Figure 3. PXRD pattern of the solid obtained via thermolysis of Ni12(PMe)10(PEt3)8.

In parallel to these studies, we are working on the fabrication of porous structures as templates for the formation of mesoporous nickel phosphides. We are initially targeting mesoporous silica, which we prepare using established protocols. The next steps in the coming funding period is to infiltrate this porous solid with a solution of the nickel phosphide cluster, and thermalize the resulting compound to convert it to a porous nickel phosphide-supported structure. Other hard templates, such as assemblies of monodisperse silica nanospheres, will be explored to create different morphologies. The atomic structure, mesostructure, porosity and activity of the mesoporous nickel phosphide materials will be characterized using crystallographic, microscopic and N2 adsorption isotherm techniques.

2. Soft templating of mesoporous metal phosphide.

            We have developed a new amphiphilic nickel phosphide precursor whose headgroup is a Ni2+ cation, complexed with a long alkyl chain phosphine ligand to drive self-assembly in polar protic solvents.

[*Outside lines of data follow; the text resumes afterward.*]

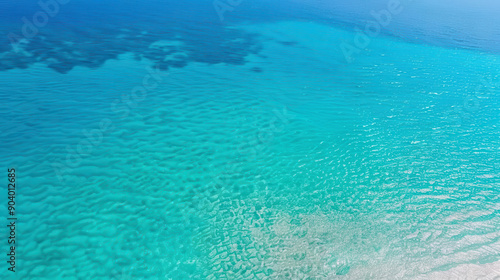 Aerial view of crystal clear ocean water with gentle waves and sandy bottom, creating a serene and tranquil seascape. 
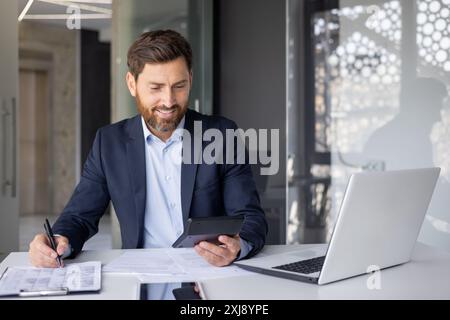 Smiling young male accountant, financial expert and analyst sitting in modern office at desk, working with documents and calculator. Stock Photo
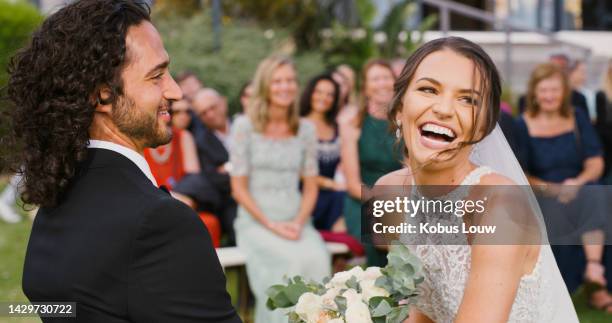 happy married couple during marriage ceremony or reception celebration outdoors. bride and groom make a love commitment to become husband and wife together in a healthy and romance relationship - wedding couple laughing stock pictures, royalty-free photos & images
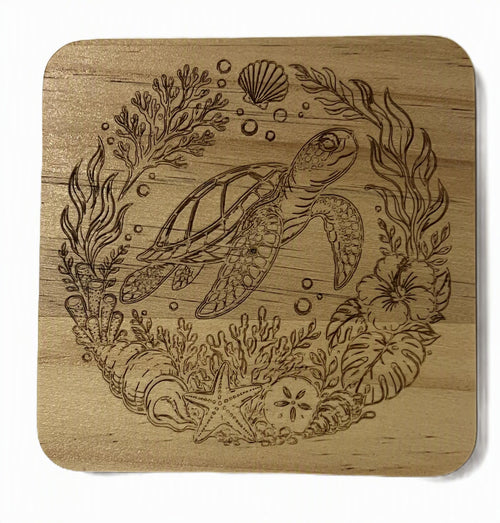 A square wooden coaster with rounded corners featuring a laser-engraved design of a sea turtle surrounded by marine plants, coral, bubbles, and a starfish.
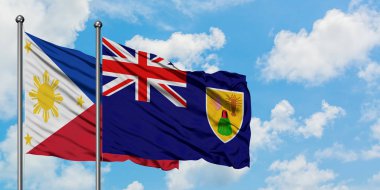 Filipinler ve Turks ve Caicos Adaları bayrağı birlikte beyaz bulutlu mavi gökyüzüne karşı rüzgarsal sallayarak. Diplomasi kavramı, uluslararası ilişkiler.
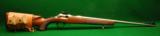 Browning Model T-Bolt Stainless/ Walnut Caliber 22 LR Rifle - 1 of 9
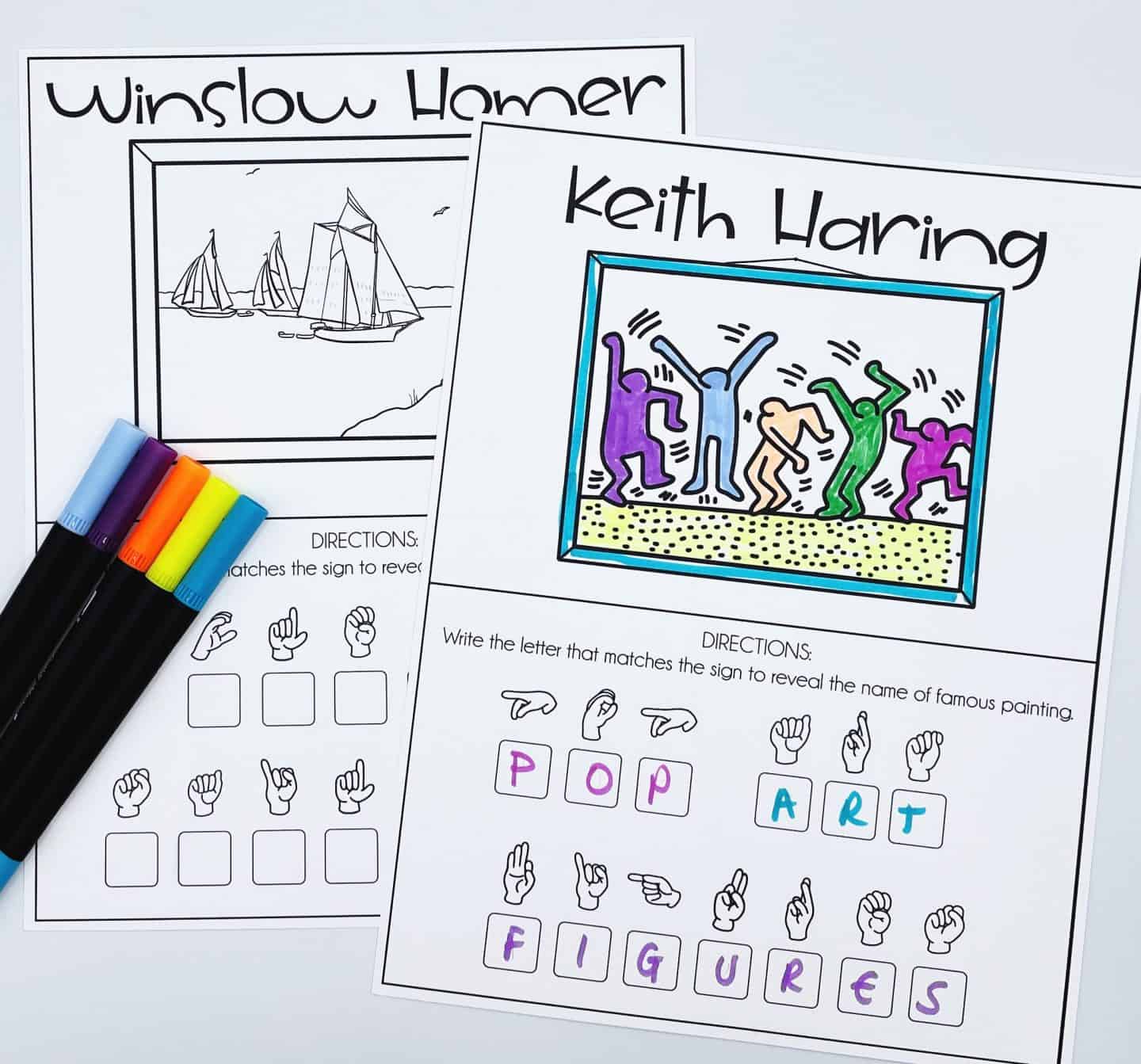 Two ASL worksheets featuring artists Keith Haring and Winslow Homer. The Keith Haring worksheet is colored with vibrant dancing figures and includes ASL signs spelling “POP ART FIGURES.” The Winslow Homer worksheet, uncolored, depicts sailboats on the water. Colorful markers are placed beside the pages.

We have also demonstrated the ability of this precursor to react with sodium hypophosphite to form crystalline Ni2P. We are now beginning to study its liquid crystalline self-assembly into various solvents, including water, formamide and glycerol. The next step will be to use this amphiphilic coordination compound to template the formation of mesoporous nickel phosphide

            During the first year, this ACS PRF grant has supported the efforts of one talented graduate student, Evan Doud, with one manuscript currently under preparation. In addition to supporting Evan, the Petroleum Research Fund has been crucial in broadening our research interests beyond traditional transition metal chalcogenide chemistry and into transition metal pnictide chemistry. This project has also allowed us to begin exploring materials design for catalytic applications, which I anticipate will become an important dimension of our work moving forward.